__DATA FOR THIS TASK__
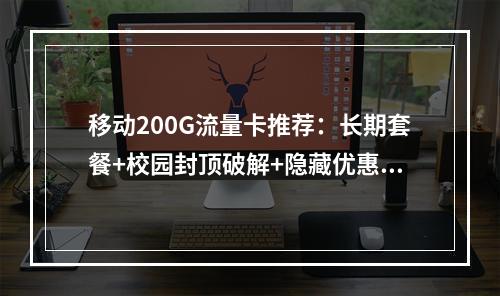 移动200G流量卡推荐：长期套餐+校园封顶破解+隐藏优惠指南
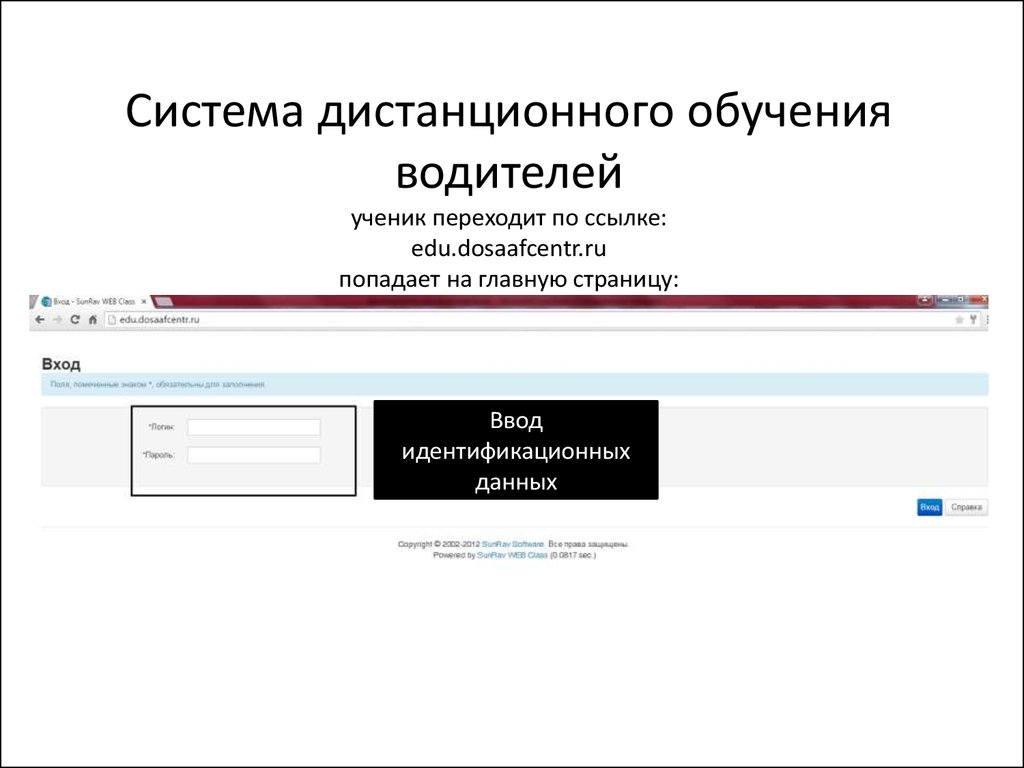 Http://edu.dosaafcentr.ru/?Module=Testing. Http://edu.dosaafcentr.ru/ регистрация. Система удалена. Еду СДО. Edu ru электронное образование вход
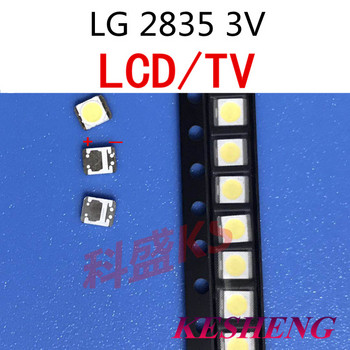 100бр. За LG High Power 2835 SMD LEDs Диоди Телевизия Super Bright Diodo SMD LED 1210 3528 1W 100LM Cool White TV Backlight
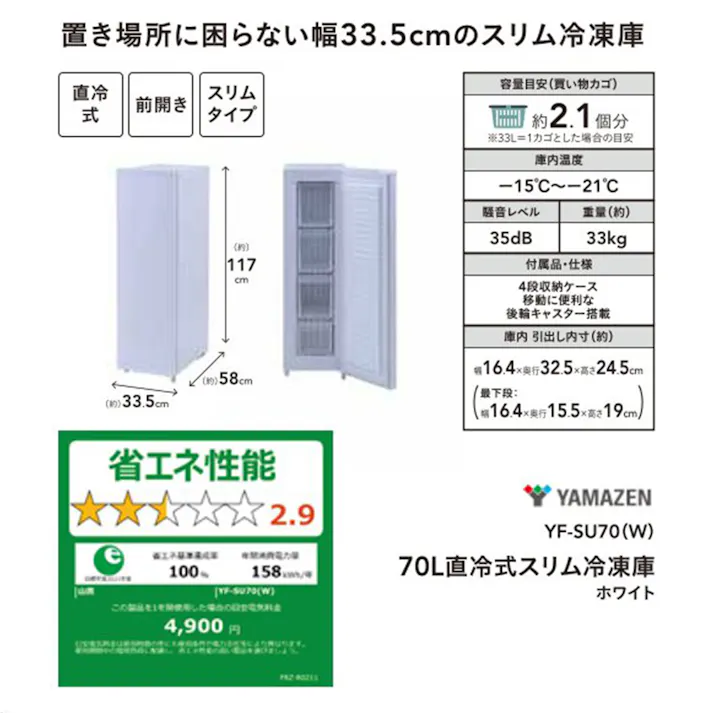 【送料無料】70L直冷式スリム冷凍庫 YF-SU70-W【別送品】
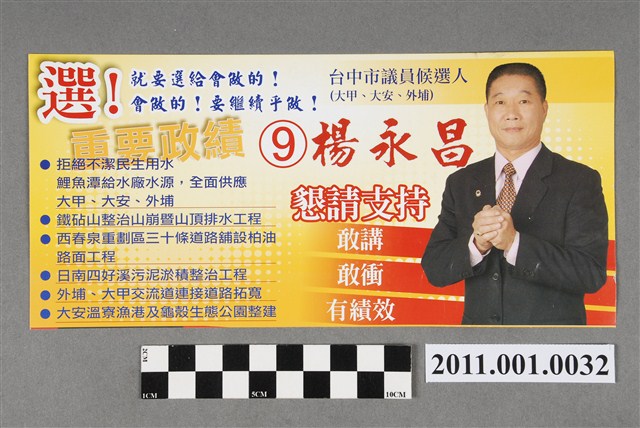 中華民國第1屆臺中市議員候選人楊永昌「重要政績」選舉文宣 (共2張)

__YOUR GOAL__
Make an exact copy of the data, leaving its pictures out.

__ANSWER TO THE PROBLEM__
 移动200G流量卡推荐：长期套餐+校园封顶破解+隐藏优惠指南
 Http://edu.dosaafcentr.ru/?Module=Testing. Http://edu.dosaafcentr.ru/ регистрация. Система удалена. Еду СДО. Edu ru электронное образование вход
 100бр. За LG High Power 2835 SMD LEDs Диоди Телевизия Super Bright Diodo SMD LED 1210 3528 1W 100LM Cool White TV Backlight
 【送料無料】70L直冷式スリム冷凍庫 YF-SU70-W【別送品】
 中華民國第1屆臺中市議員候選人楊永昌「重要政績」選舉文宣 (共2張)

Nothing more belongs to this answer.